A Ticking a Time Bomb Remains for the U.S. Banking System Uninsured Depositors

24 July 2023

The banking system in the United States has been left shaking following the collapse of three sizable banks in March and April, throwing into sharp relief significant inadequacies in bank regulation. The focus seems to have shifted to political finger-pointing rather than addressing the critical role that uninsured depositors played in these failures. The frightening reality that uninsured deposits continue to threaten the stability of the U.S. banking system has been grossly under-discussed.

Deposit insurance in the U.S. is provided by the Federal Deposit Insurance Corporation (FDIC) for banks and by the National Credit Union Administration for credit unions. While the limit of insurance coverage is $250,000 per account, it’s alarming to note that about 40% of all deposits are currently uninsured, a significant leap from 20% three decades ago.

This large percentage of uninsured deposits is a ticking time bomb, posing a serious threat to the stability of the banking sector. This problem is especially prevalent in the era of online banking, where withdrawals can occur instantaneously. While these uninsured depositors are usually late in recognizing their banks’ financial issues, once they do, their reactions can be swift and massive.
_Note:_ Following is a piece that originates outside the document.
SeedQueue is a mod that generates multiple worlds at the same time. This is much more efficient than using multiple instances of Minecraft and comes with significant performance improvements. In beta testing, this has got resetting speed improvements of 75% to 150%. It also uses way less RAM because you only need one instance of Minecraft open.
This abrupt withdrawal of large amounts can create a ripple effect leading to massive withdrawals at other banks, thereby disrupting the U.S. economy in its entirety. In other words, the risk of financial contagion is very real and terrifying.

The most straightforward and effective solution is to eradicate this instability source by extending deposit insurance to all deposits and depositors, regardless of the amount. However, it would require significant changes including Congressional action, an increase in deposit insurance premiums by the FDIC, and a risk-adjusted basis for levying premiums. At the very least, an inflation-adjusted increase to $350,000, in line with the 40% rise in the consumer price index since 2008, when the current $250,000 limit was established, seems imperative.